The Real Cost of Running AI in 2026: Compute, Revenue, and Who Can Actually Afford It

OpenAI spent $8.67 billion on inference through September 2025. That figure doubled the company’s entire 2024 inference spend in under nine months. By February 2026, OpenAI reports $25 billion in annualized revenue and still projects $25 billion in cash burn for the year. Running frontier AI at scale is one of the most capital-intensive operations in technology history, and the economics are not improving as fast as the revenue numbers suggest.

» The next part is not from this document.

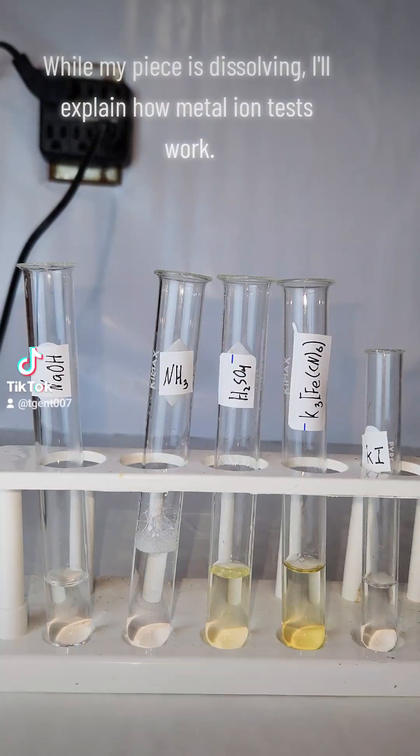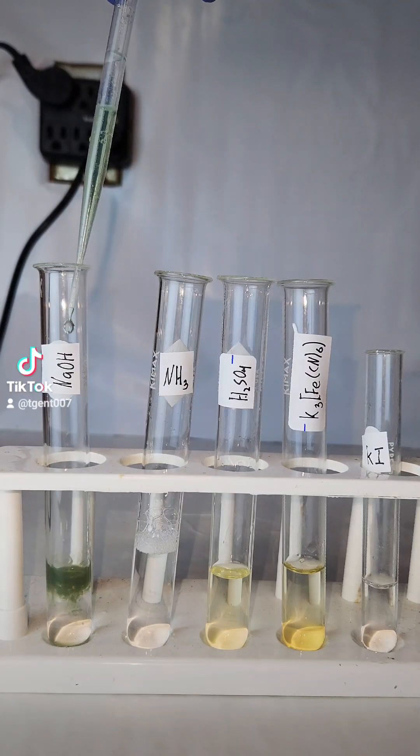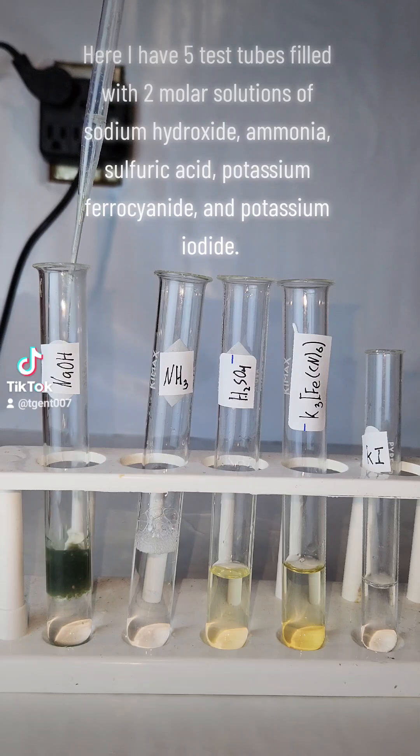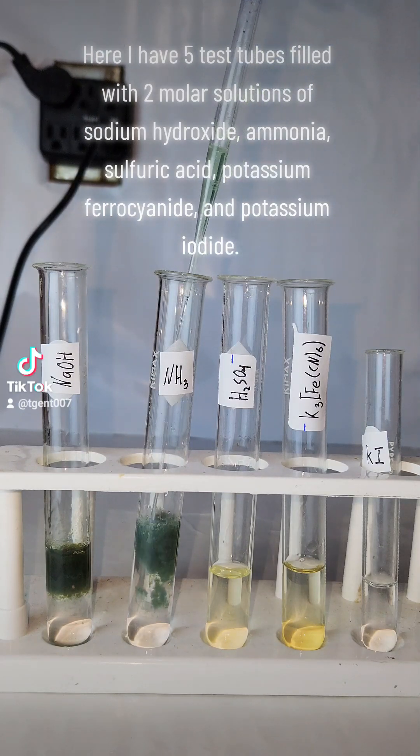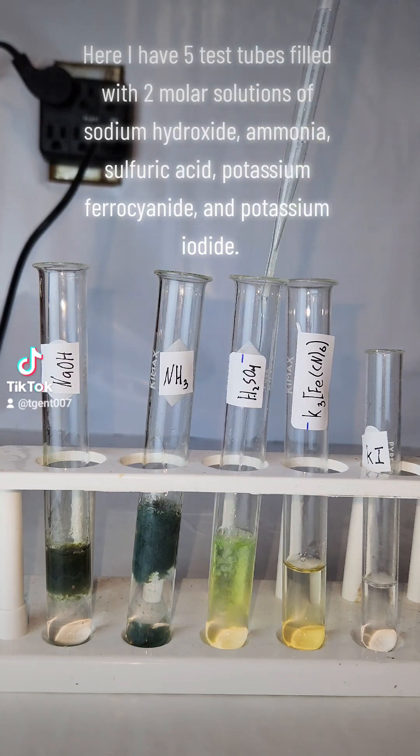While my piece is dissolving, I'll explain how metal ion tests work. Here I have five test tubes filled with 2 molar solutions of sodium hydroxide, ammonia, sulfuric acid, potassium ferrocyanide, and potassium iodide.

Anthropic tells a different version of the same story. The company hit $19 billion in annualized run-rate revenue by early March 2026, up from $9 billion at the end of 2025. CEO Dario Amodei confirmed the number at a Morgan Stanley TMT conference, noting that $6 billion in annualized revenue was added in February alone. Yet in a March 2026 legal filing, Anthropic’s CFO stated the company had made over $5 billion in cumulative lifetime revenue while spending over $10 billion on inference and training combined. Every dollar of revenue has cost two dollars to generate.

This is the defining economic tension in AI right now. Revenue is growing fast. Spending is growing faster. The question is whether the capital committed in 2025 and 2026 holds long enough for unit economics to improve before the money runs out.

The Inference Cost Mechanism

Every token a user generates consumes compute. That cost is not fixed. It scales with model size, context length, and request volume, and all three have increased simultaneously since 2024.

OpenAI’s adjusted gross margin dropped from 40% in 2024 to 33% in 2025. Inference costs quadrupled in a single year. According to Epoch AI analysis and leaked financial documents covered by Ed Zitron’s newsletter, OpenAI spent $1.8 billion on inference in all of 2024. By September 2025, that figure had reached $8.67 billion for the year. The projected 2026 inference bill from Sacra sits at $14.1 billion, before accounting for the GPT-5.x generation models that are more expensive to serve than their predecessors.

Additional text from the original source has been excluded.